Monday, Nov. 12, 1984

Journey Without Maps

By JAY COCKS

Japan's Sankai Juku revels in primal movement

Against an insinuating stillness, eerie at first, then almost instantly recognizable and reassuring as a cradle, four shapes appear near the top of the high stage, spinning. They wind and slide slowly down thin umbilical ropes suggesting, as they unbend near the ground, unborn children tumbling through the birth canal.

A single man, solitary on stage, stands staring through a piece of rectangular plastic, a small, open circle rounded by red at its center. He falls backward, rigid, his body hitting the ground so hard it raises clouds of dust and makes a sound like a dull detonation. A siren starts to shriek. It could be a warning, or a summons.

These, respectively, are the opening images of two dance theater pieces by Sankai Juku, Jomon Sho (Homage to Prehistory) and Kinkan Shonen (The Kumquat Seed), which have the clear, smooth grace of a rock in a Japanese garden and the impact, simultaneously, of the same rock hurled. Each piece has a rather spindly framework that is part narrative, part philosophical speculation and part rendering of the collective unconscious poised perpetually between rigor and hysteria. Jomon Sho is a plunge into the mythic past and is the more literal of the two pieces Sankai Juku presented last week at New York's City Center. Kinkan Shonen is meant to be, according to a subtitle in the program, "a young boy's dream of the origins of life and death." But the excitement of both works is really their open-endedness, the way in which they resolve the knottiest of paradoxes: to be universal while remaining specific, to summon shared memories from a splintered past.

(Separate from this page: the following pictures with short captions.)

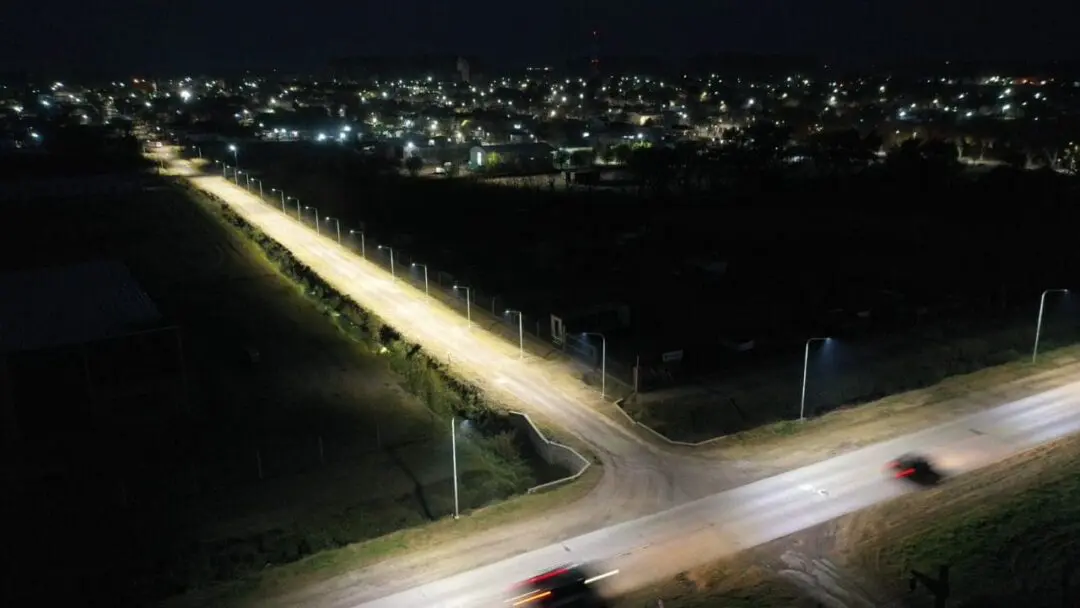 Santa Isabel: Giorgis avanza con la iluminación LED en los accesos principales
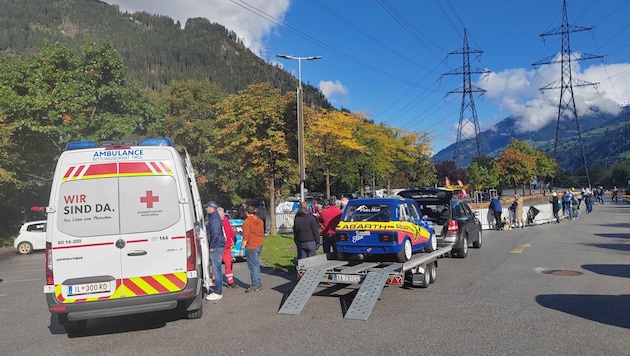 The operation after the accident in the Zillertal. (Bild: Zoom.Tirol)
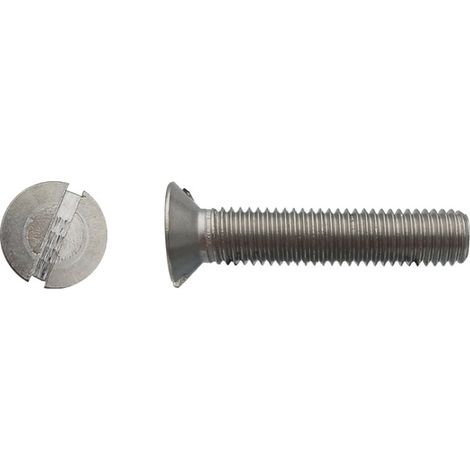 Vis à métaux tête fraisée fendue Inox A4 - 6 x 80 mm - BIVI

Ushio Amagatsu, 34, who founded Sankai Juku (the name means studio of the mountains and the sea) in Tokyo in 1975, and remains its director as well as one of its five performers, works in a style of contemporary Japanese dance called buto, in which, he has written, "the body enters a state of perfect balance. Buto belongs both to life and to death. It is a realization of the distance between a human being and the unknown." Like other artists working from within a conception of Japanese modernism--the film director Nagisa Oshima, the designer Issey Miyake--Amagatsu is obsessed with redefinition. Buto, at its point of origin in the social and artistic turmoil of the '60s, was brooding, even brutal, full of images of apocalypse. It was revolutionary, but by the time Amagatsu began his work with Sankai Juku, it was in need of refinement.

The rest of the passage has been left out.